If a user clicks a particular upvote button, you should know where on that page it is located, and can use a page anchor in your response to send them back to it.
It’s not perfectly seamless, sadly, and it’s possible to set up your reverse proxy incorrectly enough to break applications relying on various http headers to get exactly the right page back.
Well, some of us are in this category (as the article points out):
so JWT is not that bad. Plus, it is refreshing to visit a website that says ‘there are no cookies here’… in their privacy policy.
The EU “Cookie Law” applies to all methods of identification — cookies, local storage, JWT, parameters in the URL, even canvas fingerprinting. So it shouldn’t have any effect on the privacy policy whatsoever.
You still can use sessions with cookies, especially with SPA. Unless the JWT token is stateless and short lived you should not use it. Also JWT isn’t the best design either as it gives too much flexibility and too much possibilities to misuse. PASETO tries to resolve these problems with versioning protocol and reducing amount of possible hashes/encryption methods.

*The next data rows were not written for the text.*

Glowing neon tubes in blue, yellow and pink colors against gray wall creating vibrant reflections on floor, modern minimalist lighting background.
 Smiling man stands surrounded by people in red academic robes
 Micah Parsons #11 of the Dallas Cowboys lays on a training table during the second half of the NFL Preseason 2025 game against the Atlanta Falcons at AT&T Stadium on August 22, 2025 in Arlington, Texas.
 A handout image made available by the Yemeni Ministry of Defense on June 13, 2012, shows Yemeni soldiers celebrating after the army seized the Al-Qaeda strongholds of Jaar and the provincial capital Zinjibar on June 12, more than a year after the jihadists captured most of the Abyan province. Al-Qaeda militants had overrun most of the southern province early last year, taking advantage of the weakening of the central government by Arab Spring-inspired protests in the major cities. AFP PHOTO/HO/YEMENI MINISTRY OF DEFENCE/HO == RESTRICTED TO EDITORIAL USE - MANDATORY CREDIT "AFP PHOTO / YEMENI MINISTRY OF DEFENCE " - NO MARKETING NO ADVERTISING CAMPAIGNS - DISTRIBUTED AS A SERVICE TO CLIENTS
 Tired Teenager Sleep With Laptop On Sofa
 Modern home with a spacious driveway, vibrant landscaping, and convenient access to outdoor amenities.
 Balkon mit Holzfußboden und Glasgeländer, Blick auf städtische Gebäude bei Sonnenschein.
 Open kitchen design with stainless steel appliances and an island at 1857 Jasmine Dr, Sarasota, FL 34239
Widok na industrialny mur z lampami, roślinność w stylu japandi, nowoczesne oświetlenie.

Why shouldn’t you use long lived JWTs with a single page application?
Because you cannot invalidate that token.
Putting my pedant hat on: technically you can, using blacklists or swapping signing files; But that then negates the benefit of encapsulating a user “auth key” into a token because the server will have to do a database lookup anyway and by that point might as well be a traditional cookie backed session.
JWTs are useful when short lived for “server-less”/lambda api’s so they can authenticate the request and move along quickly but for more traditional things they can present more challenges than solutions.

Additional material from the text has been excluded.